All of the entries below, duplicated exactly, make up the answer.

□ □ □ □ □

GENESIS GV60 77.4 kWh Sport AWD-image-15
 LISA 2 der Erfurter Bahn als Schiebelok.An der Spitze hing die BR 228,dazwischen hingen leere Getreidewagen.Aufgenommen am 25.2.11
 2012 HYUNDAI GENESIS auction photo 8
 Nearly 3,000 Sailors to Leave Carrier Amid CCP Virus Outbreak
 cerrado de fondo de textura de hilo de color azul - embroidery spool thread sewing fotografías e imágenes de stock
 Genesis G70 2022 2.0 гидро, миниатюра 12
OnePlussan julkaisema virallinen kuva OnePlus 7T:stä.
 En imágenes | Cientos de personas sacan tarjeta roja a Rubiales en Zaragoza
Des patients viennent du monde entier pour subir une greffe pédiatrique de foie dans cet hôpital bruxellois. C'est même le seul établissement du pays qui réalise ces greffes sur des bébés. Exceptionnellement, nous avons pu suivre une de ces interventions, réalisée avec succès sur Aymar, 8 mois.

□ □ □ □ □

* [SOLUTION FOR THIS EXERCISE]:
GENESIS GV60 77.4 kWh Sport AWD-image-15
 LISA 2 der Erfurter Bahn als Schiebelok.An der Spitze hing die BR 228,dazwischen hingen leere Getreidewagen.Aufgenommen am 25.2.11
 2012 HYUNDAI GENESIS auction photo 8
 Nearly 3,000 Sailors to Leave Carrier Amid CCP Virus Outbreak
 cerrado de fondo de textura de hilo de color azul - embroidery spool thread sewing fotografías e imágenes de stock
 Genesis G70 2022 2.0 гидро, миниатюра 12
OnePlussan julkaisema virallinen kuva OnePlus 7T:stä.
 En imágenes | Cientos de personas sacan tarjeta roja a Rubiales en Zaragoza
Des patients viennent du monde entier pour subir une greffe pédiatrique de foie dans cet hôpital bruxellois. C'est même le seul établissement du pays qui réalise ces greffes sur des bébés. Exceptionnellement, nous avons pu suivre une de ces interventions, réalisée avec succès sur Aymar, 8 mois.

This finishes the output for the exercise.